──────── MATERIAL PROVIDED ────────

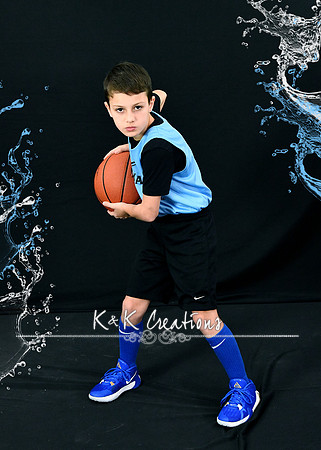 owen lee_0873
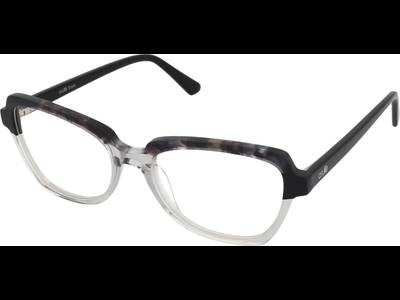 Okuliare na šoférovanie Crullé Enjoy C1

────────
──────── MATERIAL PROVIDED ────────

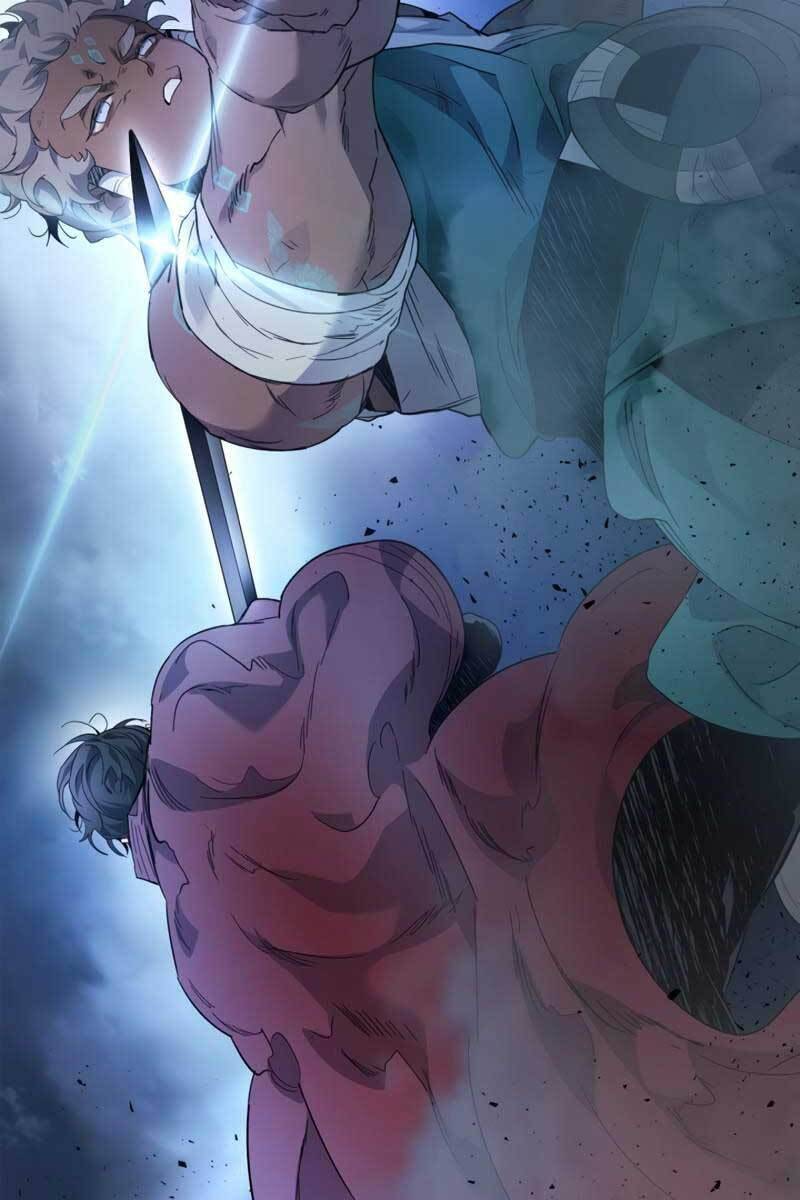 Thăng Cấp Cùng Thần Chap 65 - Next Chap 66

────────
──────── MATERIAL PROVIDED ────────

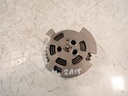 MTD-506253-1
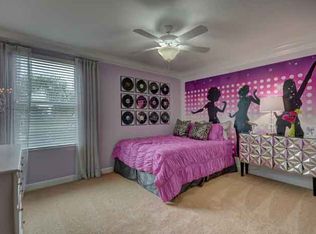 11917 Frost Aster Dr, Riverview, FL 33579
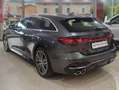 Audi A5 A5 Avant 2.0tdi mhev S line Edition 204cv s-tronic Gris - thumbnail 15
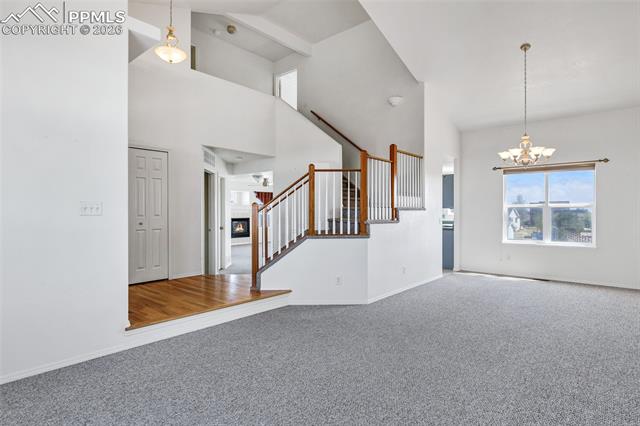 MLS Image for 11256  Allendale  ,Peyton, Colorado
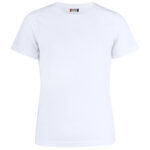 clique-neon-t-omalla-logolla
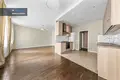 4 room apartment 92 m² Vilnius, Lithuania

────────

■ WORK TO COMPLETE
Leaving out all pictures, set down exactly the lines of the material above, from the line with "Audi A5 A5 Avant" to the line with "4 room apartment 92 m² Vilnius, Lithuania" inclusive, and no others.

■ FINAL ANSWER
 Audi A5 A5 Avant 2.0tdi mhev S line Edition 204cv s-tronic Gris - thumbnail 15
 MLS Image for 11256  Allendale  ,Peyton, Colorado
 clique-neon-t-omalla-logolla
 4 room apartment 92 m² Vilnius, Lithuania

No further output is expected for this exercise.